Obviously, you’d hire Mike because he is a specialist in the genre of metal.
Recommended for: Producers working on remixes, Mix Engineers who want to give tips, Musicians who want to teach, Musicians who want to review gear
If you run ads on your videos and you develop a good following on the content that you post, YouYube will pay you through their Youtube Partner Program (YPP).
With this program there is a somewhat high threshold of entry, as you have to meet some minimum requirements before you’re able to join the program. Currently, you need to amass 4000 watch hours and 1000 subscribers to become eligible.

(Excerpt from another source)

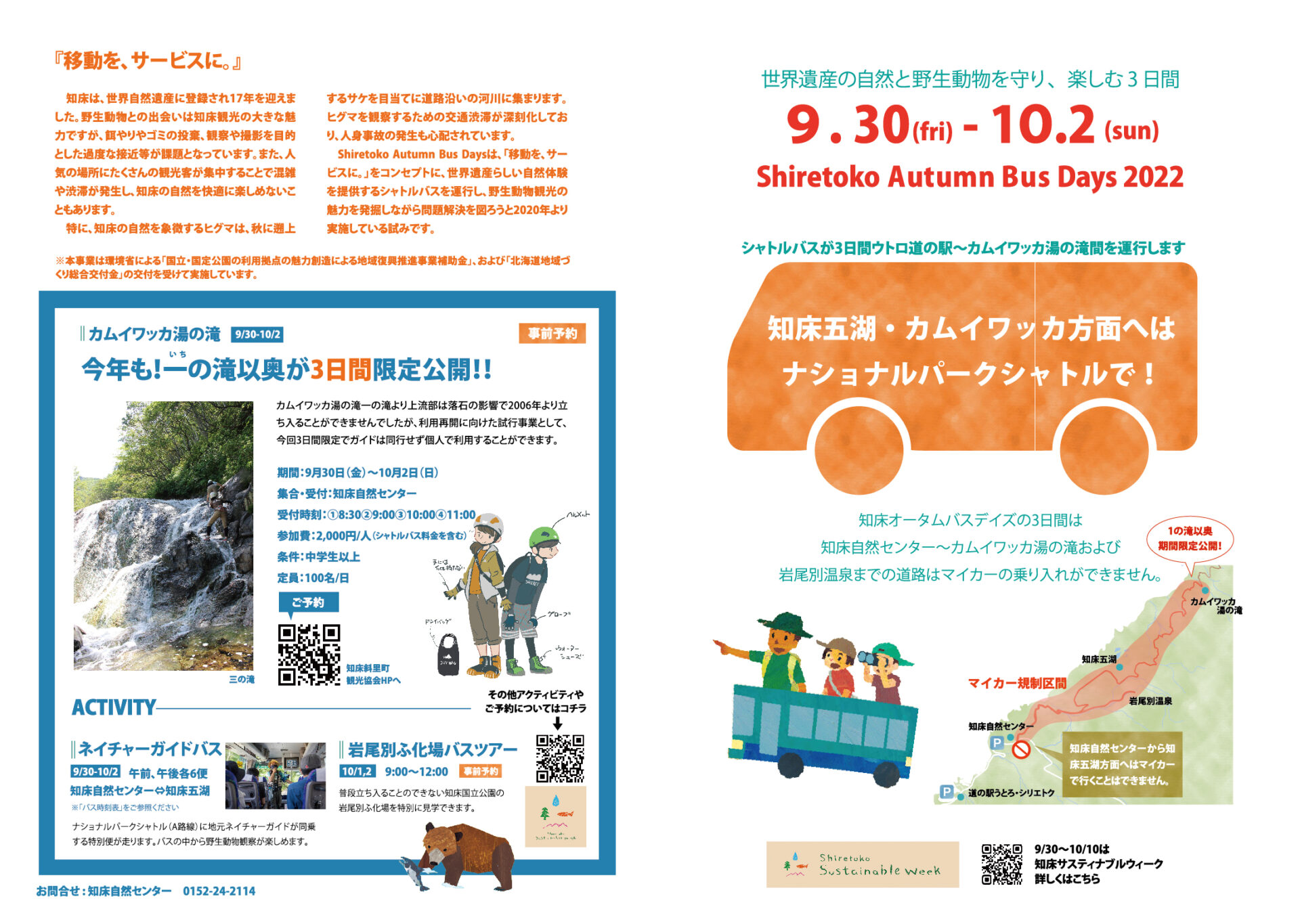 おとぎの国の白樺スワッグ 小賢しい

However, not all is lost. You can partner up with Affiliate networks like Amazon Associates Program, which will allow you to put affiliate links in your YouTube video description. When someone clicks on that affiliate link, you’ll gain a certain percentage revenue share for referring the sale. A typical strategy is to do a YouTube review of a product, then encourage people to use your link down in the description so you get compensated for anyone you’ve convinced to buy the product.
If you’re making mix tutorials and reach for certain plug-ins all the time, you’ll also probably attract the attention of the makers of those plug-ins and they might even pay you for using them in the video, or maybe give you a sweet discount on more of their products that you wouldn’t be able to get through a regular purchase.

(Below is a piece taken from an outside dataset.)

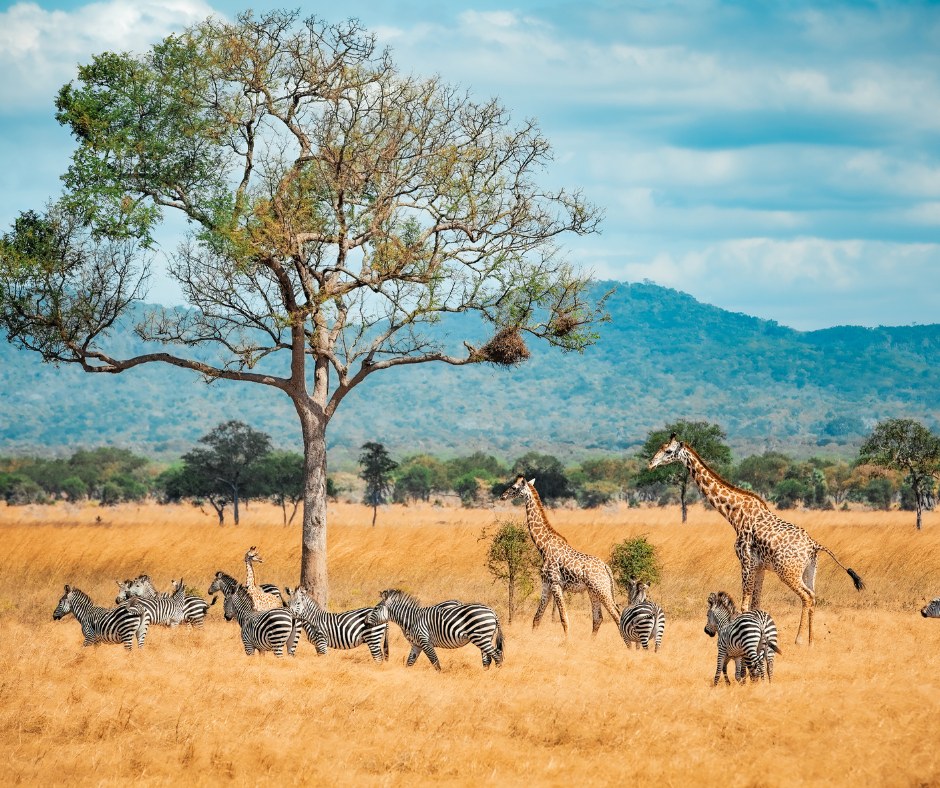 Arusha Nationalpark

If you’re a musician who loves to teach others, you can host tutorials and build an audience that way. Musicians are always looking for inspiration, reviews, and tips from their peers, so you can use what you already know to your advantage and even turn a profit from it.
Like I said before, this route is much more of a long game, so you’re probably going to have to put a lot into it at the start to make the videos and build a following before you’ll really start to see any return, but it’s definitely a worthwhile investment.

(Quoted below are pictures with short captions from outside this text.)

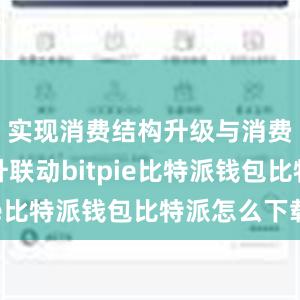 实现消费结构升级与消费品质提升联动bitpie比特派钱包比特派怎么下载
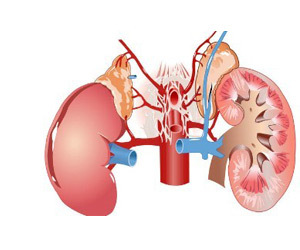 Креатинин в крови повышен: причины отклонения от нормы и способы снижения уровня креатинина
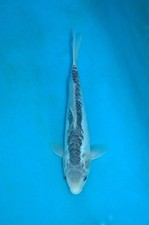12" Shusui Koi Carp  A** High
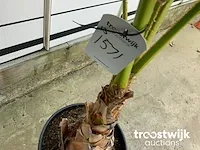 Washingtonia robusta - afbeelding 4 van  5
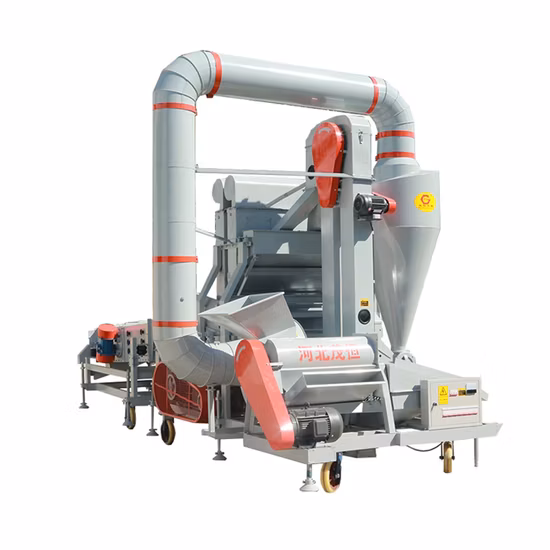 Seme del raccolto di grano De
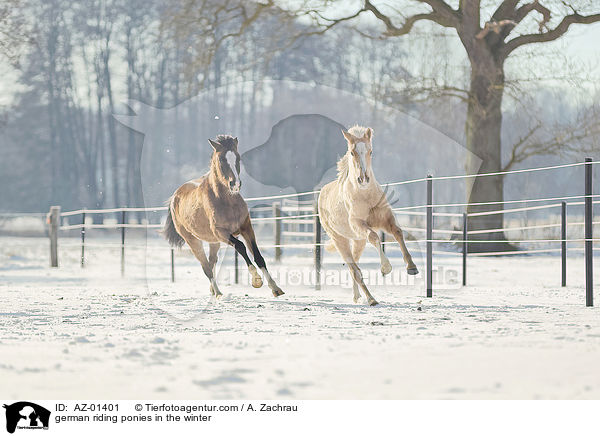 german riding ponies in the winter / AZ-01401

You can make a bunch of videos while you’re stuck at home, and spread out their release over time once you get the channel up and running.
5. Facebook Live/Instagram
Recommended for: Artists who are itching to perform right now since you’ve already got these pages setup for yourself.
With literally a click of a button you can be live on your own page for followers to see what you’re doing.
While Facebook/Instagram doesn’t have a way for you to directly take money for your live videos in the site, it’s super easy to post up donation links via Paypal, Venmo, etc when you go live.
If you’re a musician who teaches lessons, you can go live to share something you want to teach to your followers/friends, and you can use that to help gain new students for yourself.
Facebook groups also allow for people to share themselves going live. This is great for those of you who are still trying to build an audience, as it will expose you to thousands of people who have never heard of you.
One page I’ve found, called Socially Distant Fest, has already amassed over 50k members since it launched about a week ago, and it is organized in a fantastic way for anyone to perform live.
The page does have a few rules and regulations to follow for your performance, but it is designed to both keep the virtual “stage” free enough for performers to get more viewers and to prevent performers from over-promoting themselves on the page. It’s essentially a digital music festival, which is an ingenious idea for the time we’re living in right now.
While this new era might seem to be a disheartening period for the music industry, I hope some of these tips give you ideas to help you diversify your streams of income and support yourself and your families.
It’s also a great time to take a step back and look at your bigger picture goals in the music industry as a whole and refine your own performing models.
While these different threads of digital performance are great options to keep yourself performing when you can’t play a real live show, there is nothing stopping you from continuing these performances once we can go see a show at a venue again.
The biggest thing to take away from all of this is to not get disheartened by a scary situation and continue to adapt and innovate as best you can.